This the eighth story in a series comparing the U.S. system of politics and elections with other democracies around the world.

Jim Meffert
Jim Meffert

I mentioned a couple of installments back that Curtis Gans of the Center for the Study of American Electorate is convinced that negative campaign ads contribute to lower voter participation by causing many Americans to believe that their only choice is between bad and worse.

One former Minnesota congressional candidate says that is exactly the purpose.

Jim Meffert of Edina was the Democratic nominee for the U.S. House in Minnesota’s Third District in 2010. Before that he was involved in lobbying, grassroots politics and in charge of some state and federal PACs. So he has looked at the strategies behind campaign advertising from several insider perspectives. He told me that the primary purpose of late negative advertising is not to win votes for yourself but to reach weak supporters of your opponent in hopes of persuading them that it’s not worth voting at all.

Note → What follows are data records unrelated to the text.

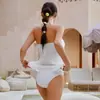 Fornecimento Exclusivo Transfronteiriço de Novo Conjunto de Roupa de Banho Feminina Três Peças: Regata Relaxada Sem Mangas Estilo Coreano, Calça Saia de Cintura Alta com Pernas Largas e Biquíni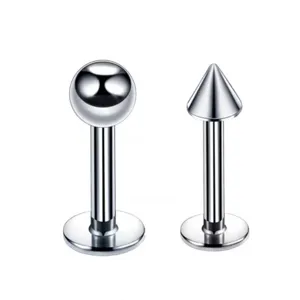 Titanium labret stud piercing jewelry with flat back, round ball and cone top styles.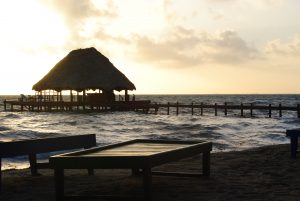 the golden sunset over Belize waters 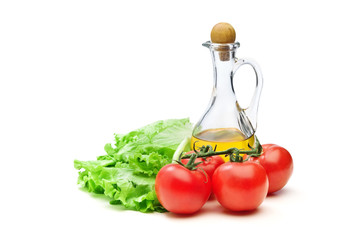 Tomato, lettuce salad and jug of vegetable oil oil isolated
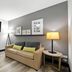 Country Inn & Suites by Radisson, Merrillville, IN room with sofa, TV and floor lamp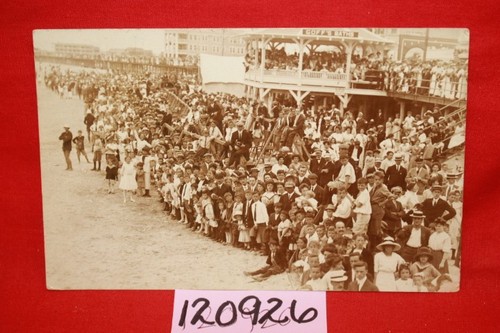 Many school children on a beach, no title given Ocea...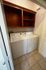 Convenient in-unit laundry room featuring a modern washer and dryer set, complemented by sleek wooden shelving.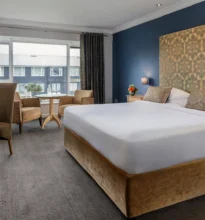 Classic hotel room featuring a large bed with plush white linens, wooden bedside tables, lamps, a cozy chair, and a window with drapes providing natural light.
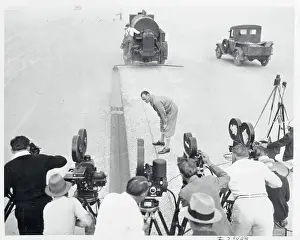 Racer Malcolm Campbell Examining Racing Guideline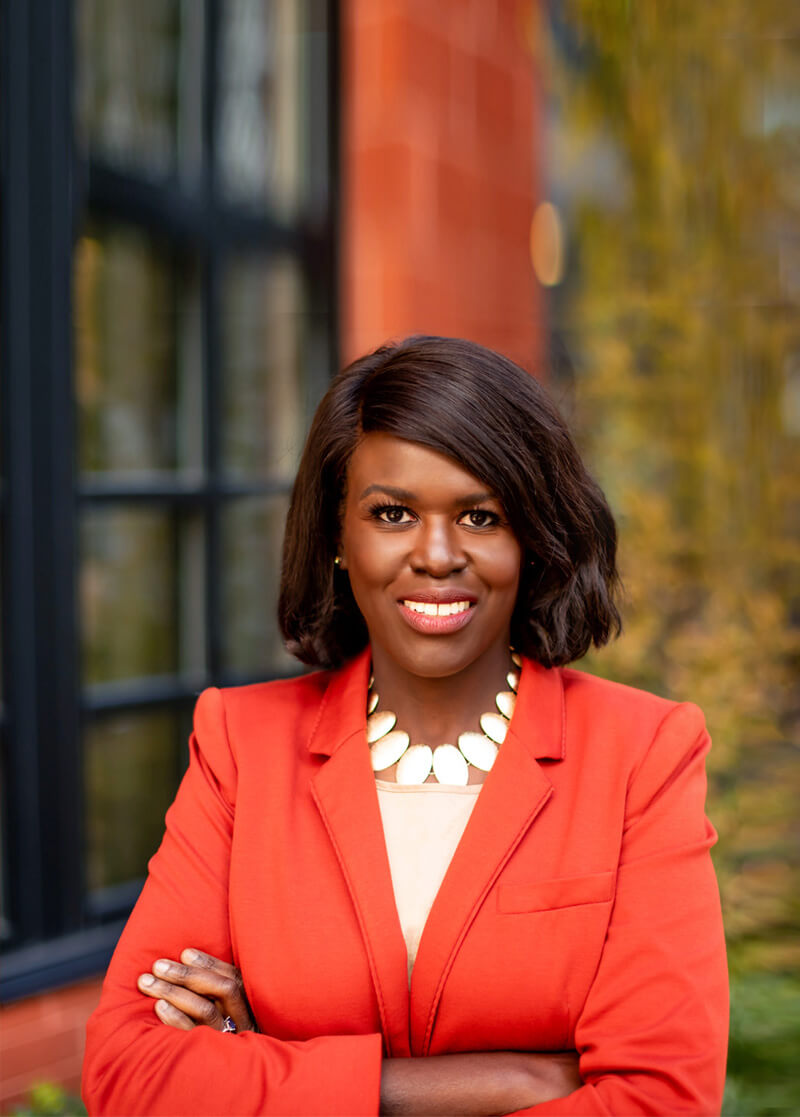 Atima Omara in bright orange jacket with arms crossed smiling, background blurred and cropped.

Early in the campaign, the main message is positive, Meffert said. You are introducing yourself, trying to get every possible pocket of support motivated to vote for you. Mid-campaign, he said, many ads are aimed at impressing potential donors that you at least have enough money to be on the air, and are trying convince them that if they will write some checks so you can air even more ads, you might have a chance to win. The funders are extremely pragmatic about not wasting resources on anyone who has no chance.

By the last stretch, when the most intense advertising occurs, you and your allies will go negative against your opponent. By that time, you have done polling to find your opponent’s weak spots and perhaps focus groups to test potential advertising messages that will have the greatest likelihood of undermining your opponent’s supporters’ interest in voting, Meffert said.

In a tight race, after you have done everything you can to get your supporters motivated to show up and vote for you, the purpose switches to something that should really have no place in a democracy.

At the end, Meffert said, “that’s when the negative ads outnumber the positive ads about five to one. That’s when they ask: ‘Did you know that Candidate X wears horns and is a predatory offender and is in the back pocket of evil corporations or the evil teachers unions?’ — or whatever trigger points the research has suggested might work, because the goal is to get 2 or 3 percent of the other guy’s weakest supporters to get turned off and just stay home.

“It’s the worst, most cynical part of the process,” Meffert said. “Trying to get people not to vote goes so against everything we’re supposed to be about in a democracy. But there’s a whole industry and people who spend their lives developing the best technique for accomplishing this. It’s an absolute abomination. And it’s happening all the time, much more often than people realize.”

Watching the late advertising during the current cycle, Meffert said,  “confirms to an ever greater degree that anyone who believes anything a candidate, or campaign says about their opponent or themselves in a purchased ad is an idiot.” 

Gans told me that the famous Democratic political consultant Bob Shrum had confirmed that this is the purpose of negative advertising. University of Minnesota political scientist David Samuels also believes that this is the main motivation for attack ads. On the other hand, longtime DFL political operative Jeff Blodgett, best-known for his association with Sen. Paul Wellstone, said he had never been involved in a strategy designed to discourage turnout.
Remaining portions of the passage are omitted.